Much research has been conducted in the field of MHAR Takahashi et al. [58], Long et al. [40], Tian et al. [61], Brousmiche et al. [5], Li et al. [30,31,32, 35], Li and Tang [34], where methods have been designed to combine information from distinct modalities. This section uncovers some existing works related to our approach, examining them in terms of feature extraction and multimodal action recognition approaches.

2.1 Feature extraction

Feature extraction is a process for yielding critical information from raw instances, which in turn contributes to the learning process. Temporal Segment Network (TSN) is used as a feature extractor based on its temporal pooling of frame-level features, where it has been rigorously used as an efficient video feature extractor for different problems. Gate-Shift Module (GSM) can turn a 2D CNN into a highly efficient spatio-temporal feature extractor. For example, when TSN is plugged into GSM Sudhakaran et al. [56], an accuracy improvement of 32% is achieved. Furthermore, Yang et al. [68] have used TSN with soft attention mechanism to capture important frames from each segment. Moreover, Zhang et al. [69] have used the TSN model as a feature extractor with ResNet101 for efficient behavior recognition of pigs.

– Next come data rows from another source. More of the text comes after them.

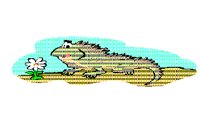 IGUANA.BMP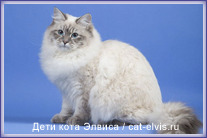Невские маскарадные вязка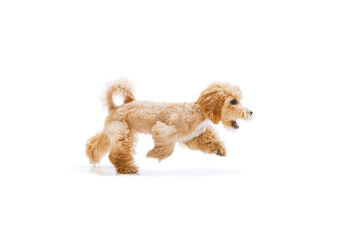 Beautiful pedigree puppy, Maltipoo dog isolated over white studio background. Concept of care, animal life, health, ad, show, breed of dog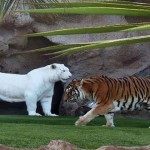 Albinismo en animales y plantas: ¡Asombroso!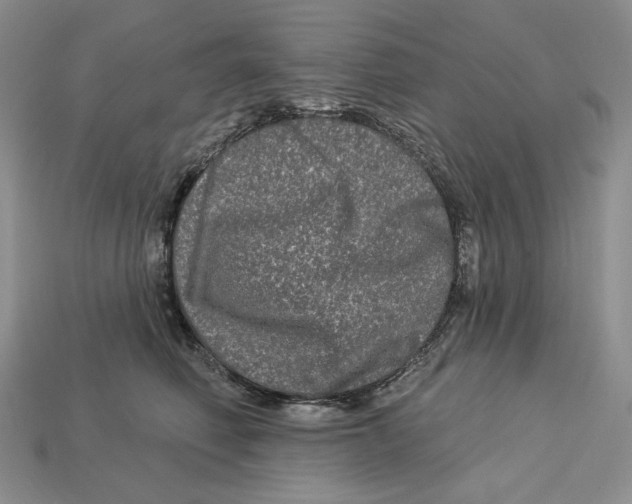 X0000113120614200909181650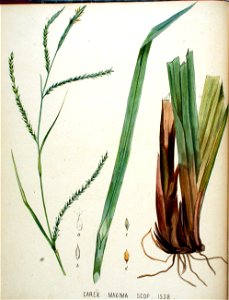 Carex maxima — Flora Batava — Volume v20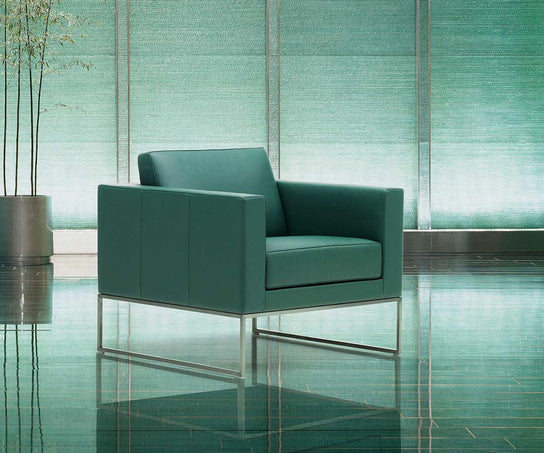 DS-160 Armchair | De Sede
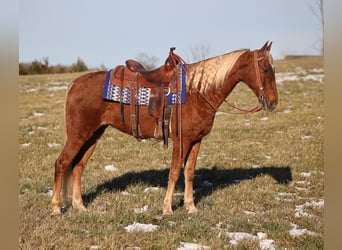 American Quarter Horse, Gelding, 8 years, 15 hh, Gray-Dapple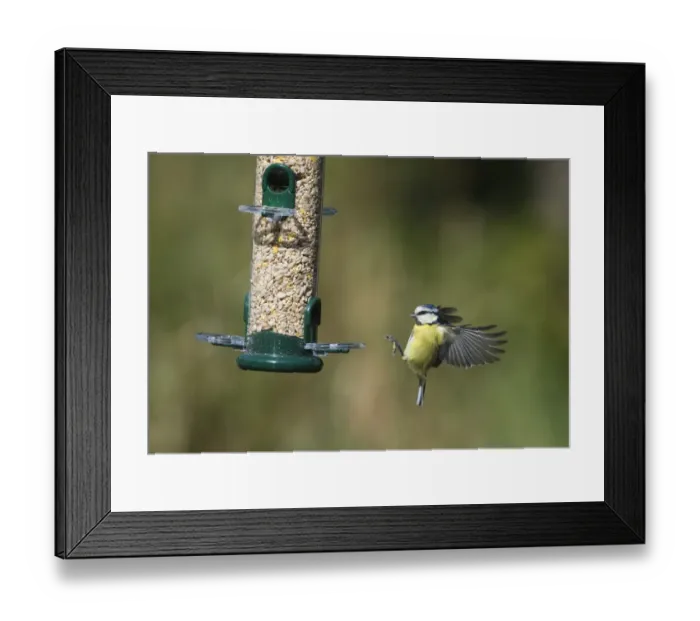 Framed Print : 005717 Framed Print : 005717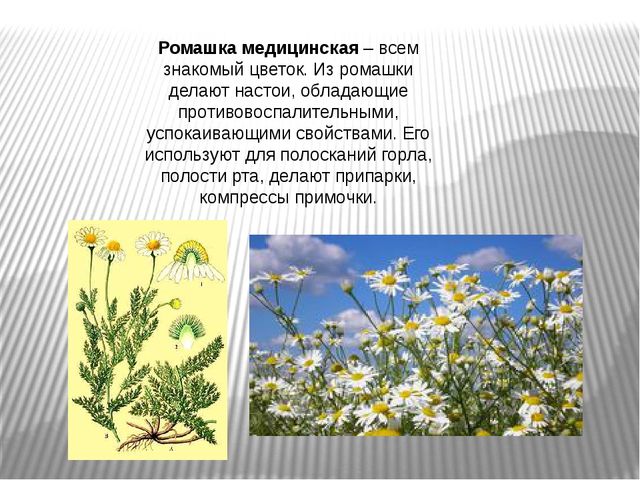 Презентация на тему "Лекарственные травы"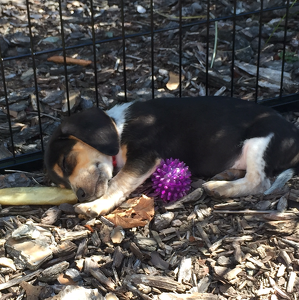 Fundraising Page: Serafina Ferrazzoli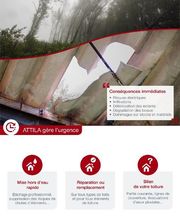 Attila image 6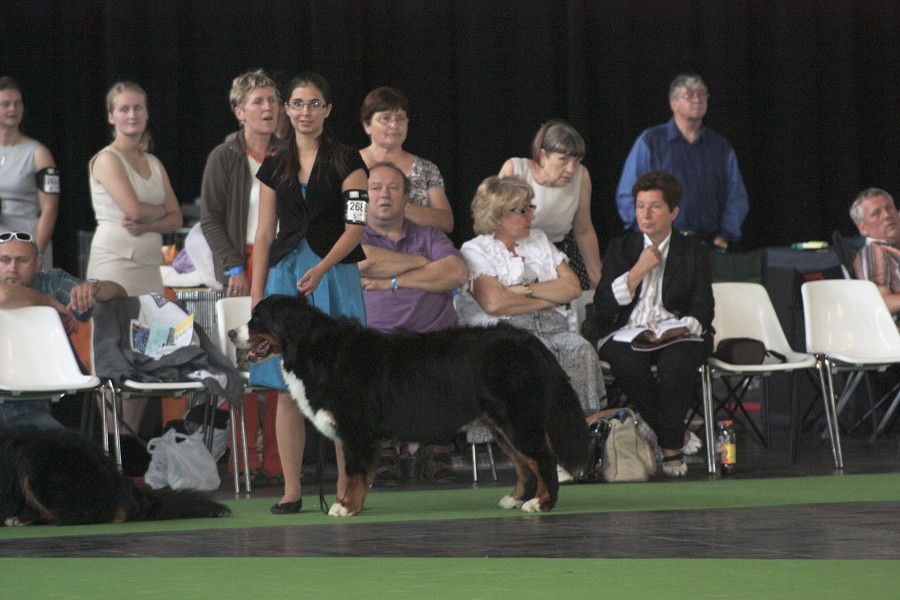 Paris - World Dog Show 7.-8.7.2011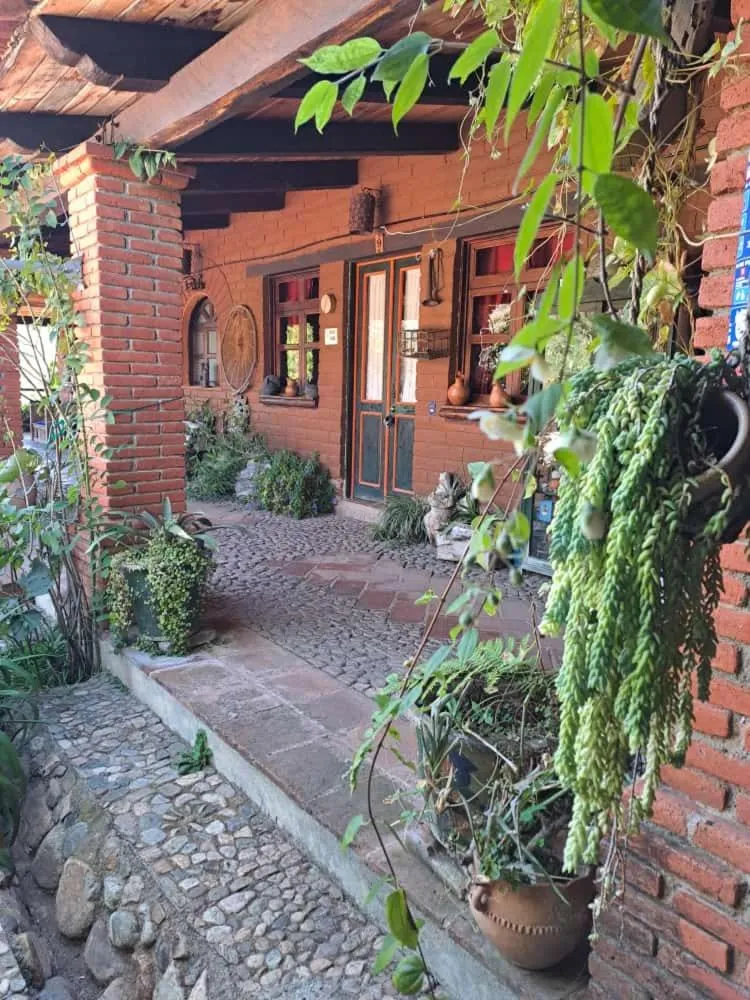 Garden in Huayápam Yù'ú Lodge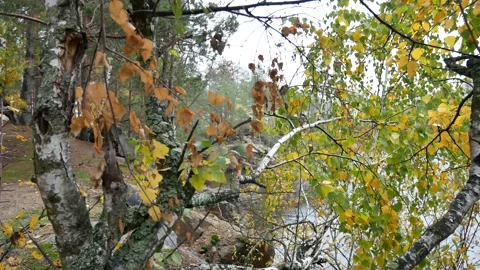 Birch Leaves Wind Lake Stock Footage 139721785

Recently, TSN has been adapted as a backbone in video understanding scenarios Lei et al. [29], Girdhar et al. [14], Li et al. [33], Zhou et al. [70], Kwon et al. [28] and is typically used in conjunction with a succeeding module. In Kwon et al. [28], TSN was employed as a 2D CNN backbone to learn motion dynamics in videos. However, IRV2 has been used for feature extraction from images Mei et al. [43], helping with different image restoration and enhancement tasks Gu et al. [16], Yan et al. [67].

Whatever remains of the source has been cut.